• Let’s dive into the control problem now with parametric approximation of the action-value function $\hat{q}(s, a, \mathbf{w}) \approx q_{*}(s, a)$, where $\mathbf{w} \in \mathbb{R}^d$ is a finite-dimensional weight vector.
  • We’ll focus on semi-gradient Sarsa, the natural extension of semi-gradient TD(0) to action values and to on-policy control.
  • We’ll look at this extension in both the episodic and continuing case.
  • We’ll look at $n$-step linear Sarsa.

Table of Contents

Appendix


10.1 Episodic Semi-gradient Control

  • The extension of the semi-gradient prediction methods of Chapter 9 to action values is straightforward.
  • It is the approximate action-value function, $\hat{q} \approx q_\pi$, that is represented as a parametrized functional form with weight vector $\mathbf{w}$.
  • Before, the training examples had the form $S_t \mapsto U_t$; now the examples have the form $S_t, A_t \mapsto U_t$.
  • The update target $U_t$ can be any approximation of $q_\pi(S_t, A_t)$, including the usual backed-up values such as the full Monte Carlo (MC) return $G_t$ or any $n$-step Sarsa return $G_{t:t+n}$.
  • The general gradient-descent update for action-value prediction is:
\[\mathbf{w}_{t+1} \doteq \mathbf{w}_t + \alpha\!\left[U_t - \hat{q}(S_t, A_t, \mathbf{w}_t)\right] \nabla \hat{q}(S_t, A_t, \mathbf{w}_t)\]
  • The update for the one-step Sarsa method is:
\[\boxed{\mathbf{w}_{t+1} \doteq \mathbf{w}_t + \alpha\!\left[R_{t+1} + \gamma \hat{q}(S_{t+1}, A_{t+1}, \mathbf{w}_t) - \hat{q}(S_t, A_t, \mathbf{w}_t)\right] \nabla \hat{q}(S_t, A_t, \mathbf{w}_t)}\]
  • This method is called episodic semi-gradient one-step Sarsa. For a constant policy, this method converges in the same way that TD(0) does with the same kind of error bound.
  • Control = action-value prediction + policy improvement & action selection:
\[\boxed{a, S_{t+1} \longrightarrow \hat{q}(S_{t+1}, a, \mathbf{w}_t) \longrightarrow A^*_{t+1} = \arg\max_a \hat{q}(S_{t+1}, a, \mathbf{w}_t) \longrightarrow \varepsilon\text{-greedy policy improvement} \longrightarrow \varepsilon\text{-greedy action selection}}\]
  • Linear function approximation for the action-value function is:
\[\hat{q}(s, a, \mathbf{w}) \doteq \mathbf{w}^T \mathbf{x}(s, a) = \sum_{i=1}^{d} w_i \cdot x_i(s, a)\]

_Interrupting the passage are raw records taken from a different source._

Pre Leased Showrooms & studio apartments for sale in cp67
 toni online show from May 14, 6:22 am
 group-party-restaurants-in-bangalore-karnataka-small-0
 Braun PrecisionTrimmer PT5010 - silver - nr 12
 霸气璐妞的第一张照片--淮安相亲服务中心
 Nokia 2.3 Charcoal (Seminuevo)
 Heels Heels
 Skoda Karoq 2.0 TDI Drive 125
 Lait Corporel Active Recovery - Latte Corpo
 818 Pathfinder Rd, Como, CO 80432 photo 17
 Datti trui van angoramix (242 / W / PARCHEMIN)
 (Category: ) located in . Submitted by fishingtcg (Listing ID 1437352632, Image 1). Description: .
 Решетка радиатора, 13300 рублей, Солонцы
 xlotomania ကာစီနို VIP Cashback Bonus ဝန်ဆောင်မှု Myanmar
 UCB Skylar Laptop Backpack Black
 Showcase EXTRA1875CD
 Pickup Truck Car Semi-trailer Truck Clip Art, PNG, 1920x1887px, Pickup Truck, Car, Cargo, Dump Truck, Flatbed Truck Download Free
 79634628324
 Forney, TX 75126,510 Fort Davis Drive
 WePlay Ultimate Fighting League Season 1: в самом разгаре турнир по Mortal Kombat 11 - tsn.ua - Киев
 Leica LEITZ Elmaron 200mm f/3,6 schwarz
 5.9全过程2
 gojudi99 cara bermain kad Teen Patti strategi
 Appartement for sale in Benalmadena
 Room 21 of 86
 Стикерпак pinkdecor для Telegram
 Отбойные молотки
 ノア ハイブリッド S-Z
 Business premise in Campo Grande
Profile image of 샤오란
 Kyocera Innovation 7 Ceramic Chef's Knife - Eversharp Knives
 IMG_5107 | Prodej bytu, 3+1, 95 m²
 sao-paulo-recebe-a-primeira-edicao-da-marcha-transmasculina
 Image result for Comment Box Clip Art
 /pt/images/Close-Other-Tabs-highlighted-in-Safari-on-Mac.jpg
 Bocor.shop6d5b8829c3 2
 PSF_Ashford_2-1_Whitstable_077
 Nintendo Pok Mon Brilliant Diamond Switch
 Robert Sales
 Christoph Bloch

10.2 Semi-gradient $n$-step Sarsa

  • We use an $n$-step return as the update target for episodic semi-gradient $n$-step Sarsa. The $n$-step return generalizes from its tabular form to a function approximation form:
\[G_{t:t+n} \doteq R_{t+1} + \gamma R_{t+2} + \ldots + \gamma^{n-1} R_{t+n} + \gamma^n \hat{q}(S_{t+n}, A_{t+n}, \mathbf{w}_{t+n-1}), \quad t+n < T\] \[\text{with } G_{t:t+n} \doteq G_t \text{ if } t+n \geq T\]
  • The $n$-step update equation is:
\[\boxed{\mathbf{w}_{t+n} \doteq \mathbf{w}_{t+n-1} + \alpha\!\left[G_{t:t+n} - \hat{q}(S_t, A_t, \mathbf{w}_{t+n-1})\right] \nabla \hat{q}(S_t, A_t, \mathbf{w}_{t+n-1}), \quad 0 \leq t < T}\]
  • Performance is best if an intermediate level of bootstrapping is used ($n > 1$).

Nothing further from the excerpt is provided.